Se o QR Code não direcionar para a página de consulta ou retornar erro, o consumidor pode digitar manualmente a chave de acesso de 44 dígitos no site da SEFAZ do estado emissor. Caso a chave também não funcione, o documento pode ter sido emitido em ambiente de homologação (testes) ou pode ter sido cancelado. O contribuinte deve verificar o status da NFC-e no seu sistema emissor e, se necessário, entrar em contato com a SEFAZ para regularizar a situação.
É obrigatório imprimir o DANFE NFC-e?
Sim, para vendas presenciais, o DANFE deve ser impresso e entregue ao consumidor no ato da compra. Para entregas em domicílio, a legislação permite que o documento seja enviado por e-mail ou disponibilizado em aplicativo, desde que o consumidor concorde. Entretanto, na prática, a maioria dos estabelecimentos ainda imprime o DANFE para garantir a comprovação da operação.
Qual a diferença entre NFC-e em produção e em homologação?
O ambiente de homologação é usado para testes de sistemas, sem validade jurídica. Notas emitidas nesse ambiente não podem ser utilizadas como comprovante fiscal. Já o ambiente de produção é o oficial, onde as notas têm valor legal. A SEFAZ Paraná orienta que a consulta seja feita selecionando o ambiente correto para cada tipo de nota.
O que acontece se a SEFAZ rejeitar a NFC-e?

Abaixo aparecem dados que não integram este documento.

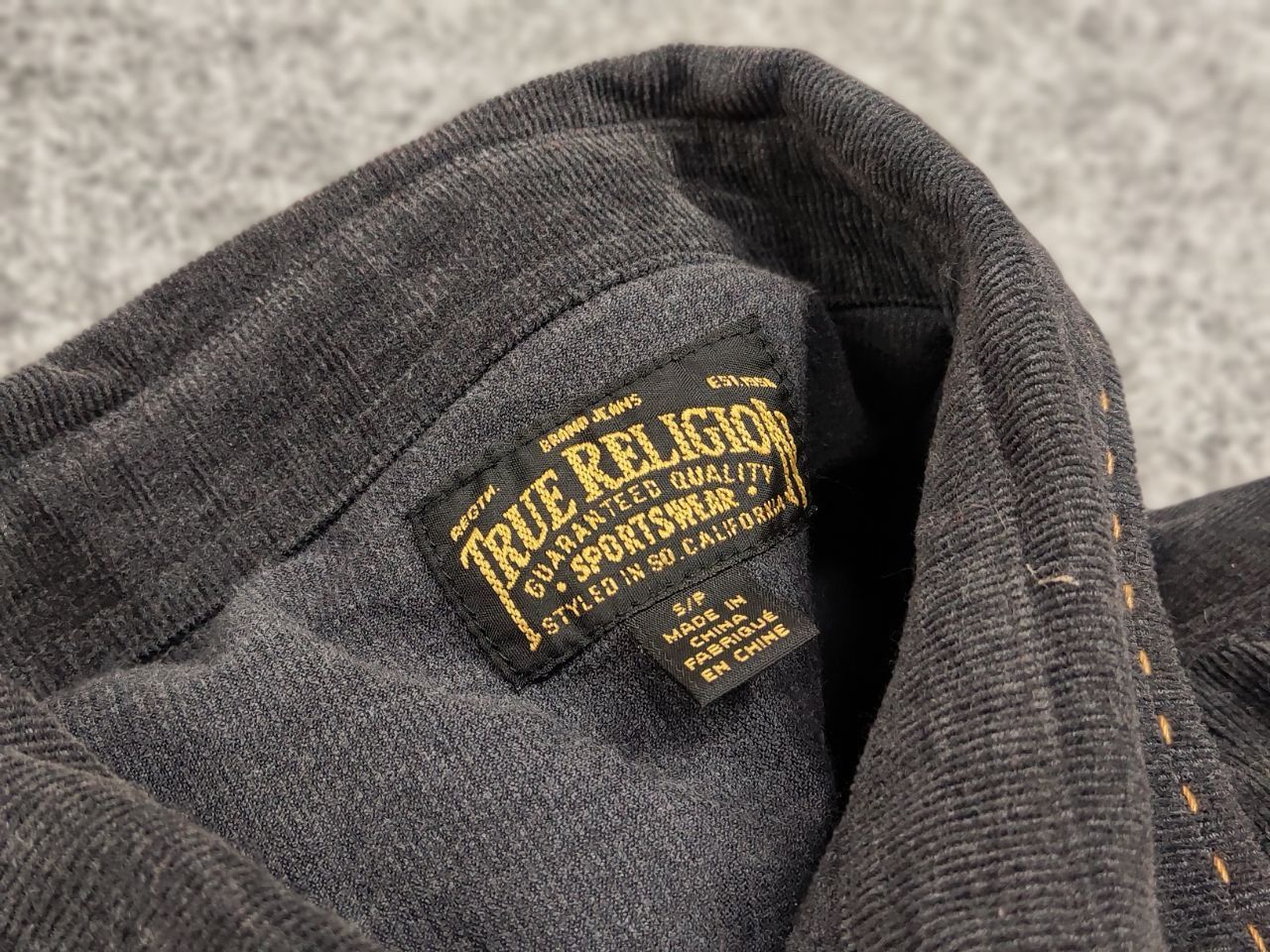 True Religion True Religion Mens Workwear Casual Corduroy Button T Shirt Size US S / EU 44-46 / 1 - 18 Thumbnail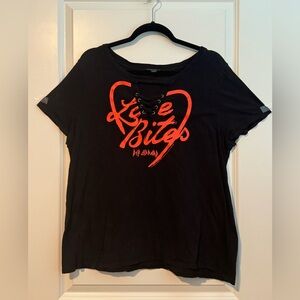 Rock & Republic “Love Bites” Def Leopard Top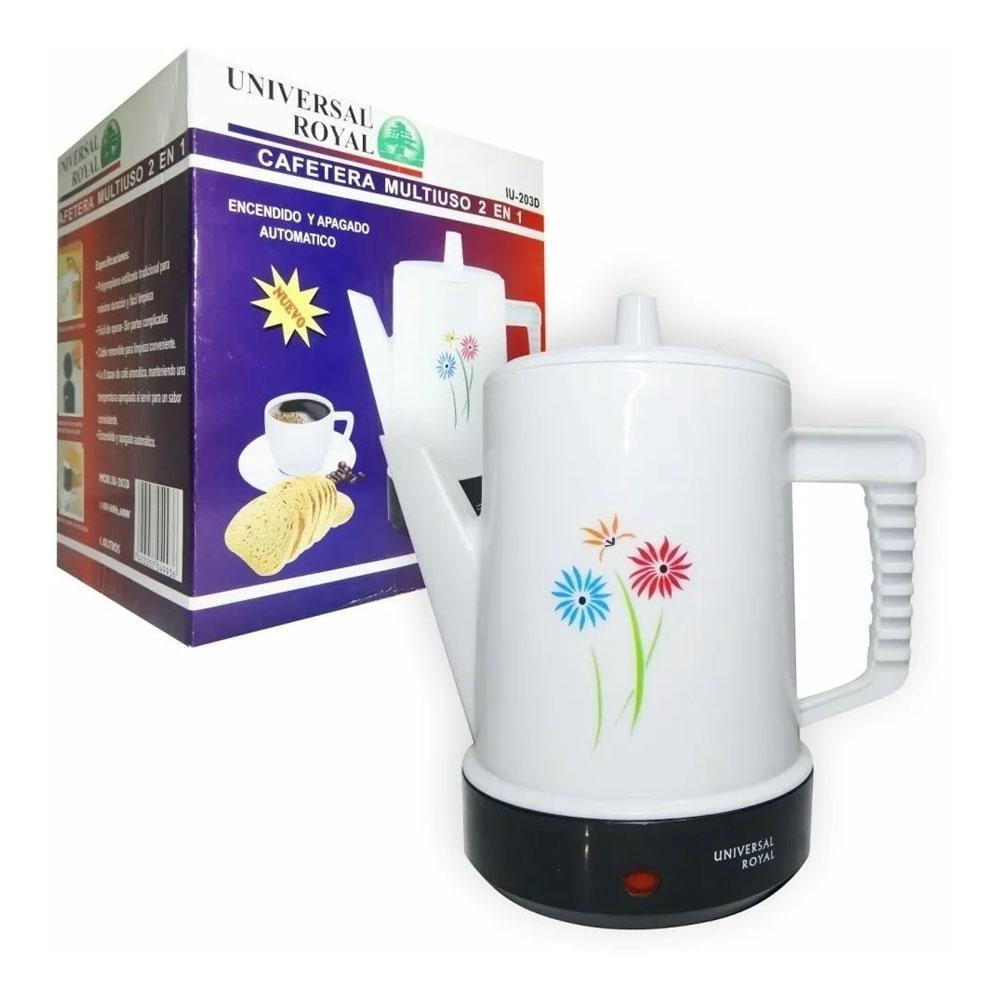 Cafetera Electrica Ur Iu 203D/C 6 Tazas Automatica Hervidora 1 Litro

Quando a SEFAZ rejeita a nota, o software emissor retorna um código de erro e uma mensagem explicativa (ex.: chave duplicada, dados inválidos, falta de certificado). Nesse caso, a venda não pode ser concluída com aquela nota. O contribuinte deve corrigir o erro e reenviar o XML. Se a venda já tiver sido realizada, é necessário emitir uma nova NFC-e e cancelar a rejeitada (se possível).
Em Sintese
A emissão correta do DANFE NFC-e é um processo que exige atenção aos detalhes técnicos, normativos e operacionais. Desde o credenciamento na SEFAZ até a impressão do documento, cada etapa deve ser executada em conformidade com o Manual de Orientação do Contribuinte e as regulamentações estaduais. Com a proximidade da mudança prevista para 2026, que restringe o uso da NFC-e a operações com CPF, as empresas precisam revisar seus processos fiscais e adaptar seus sistemas para evitar sanções.

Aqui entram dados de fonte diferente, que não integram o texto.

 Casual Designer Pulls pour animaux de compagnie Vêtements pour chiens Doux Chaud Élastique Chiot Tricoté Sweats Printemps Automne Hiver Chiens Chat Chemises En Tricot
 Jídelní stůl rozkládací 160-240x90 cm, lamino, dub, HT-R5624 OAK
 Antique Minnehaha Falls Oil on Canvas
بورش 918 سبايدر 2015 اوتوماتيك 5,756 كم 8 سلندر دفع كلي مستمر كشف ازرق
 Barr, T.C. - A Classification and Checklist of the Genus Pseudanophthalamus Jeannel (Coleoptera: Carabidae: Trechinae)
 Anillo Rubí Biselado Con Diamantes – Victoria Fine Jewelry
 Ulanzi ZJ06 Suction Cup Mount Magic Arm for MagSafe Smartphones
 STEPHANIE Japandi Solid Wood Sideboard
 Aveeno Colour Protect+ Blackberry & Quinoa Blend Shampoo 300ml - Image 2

O DANFE, embora não tenha valor fiscal próprio, desempenha um papel crucial na transparência das relações de consumo e na fiscalização tributária. Consumidores podem verificar a autenticidade de suas compras por meio da chave de acesso ou do QR Code, enquanto o fisco utiliza o XML autorizado para controle e arrecadação. Manter-se atualizado sobre as regras de cada estado, especialmente em relação aos serviços web ativos e às listas de credenciamento, é fundamental para o sucesso da emissão.
Por fim, recomenda-se que os contribuintes busquem orientação de consultorias fiscais especializadas e utilizem apenas softwares homologados. O acompanhamento das publicações oficiais da SEFAZ e do CONFAZ é indispensável para não ser surpreendido por novas obrigações.